Common Molecular Shapes • Linear: 2 pairs of shared electrons = 180o • Trigonal: 3 pairs of shared electrons = 120o • Tetrahedral: 4 pairs of shared electrons = 109.5o • Trigonal pyramidal: 3 pairs of shared electrons and 1 pair of lone electrons = 107.3o • Bent: 2 pairs of shared electrons and 2 pairs of lone electrons = 104.5o • Trigonalbipyramidal: 5 pairs of shared electrons = 90oand 120o • Octahedral: 6 pairs of shared electrons = 90o
Hybridization • Process by which atomic orbitals are mixed to form new, identical hybrid orbitals. • The s and p orbitals are mixed and electrons from each orbital is shared. • Each hybrid orbital contains one electron that it can share with another atom.
Electronegativity and Polarity • Electronegativity indicates the relative ability of an atom to attract electrons in a chemical bond. • Covalent bonds between identical atoms are non-polar because there is no difference in electronegativity. • Covalent bonds between different atoms are polar because there is a difference in electronegativity.
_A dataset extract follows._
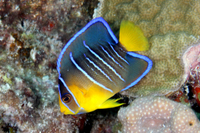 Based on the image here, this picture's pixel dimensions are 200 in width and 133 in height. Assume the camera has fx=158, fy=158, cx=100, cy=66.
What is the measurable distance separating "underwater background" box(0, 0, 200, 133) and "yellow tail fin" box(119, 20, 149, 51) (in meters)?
0.35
Polar Covalent Bonds • The more electronegative atom is located at the partially negative end, while the less electronegative atom is found at the partially positive end. • This polar bond is a dipole. • Non-symmetric covalent molecules are polar while symmetric covalent molecules are not. • Polar substance can dissolve only in other polar substances.
Properties of Covalent Compounds • Relatively low melting and boiling points • Relatively soft • Covalent network solids are typically brittle, nonconductors of electricity or heat, and extremely hard.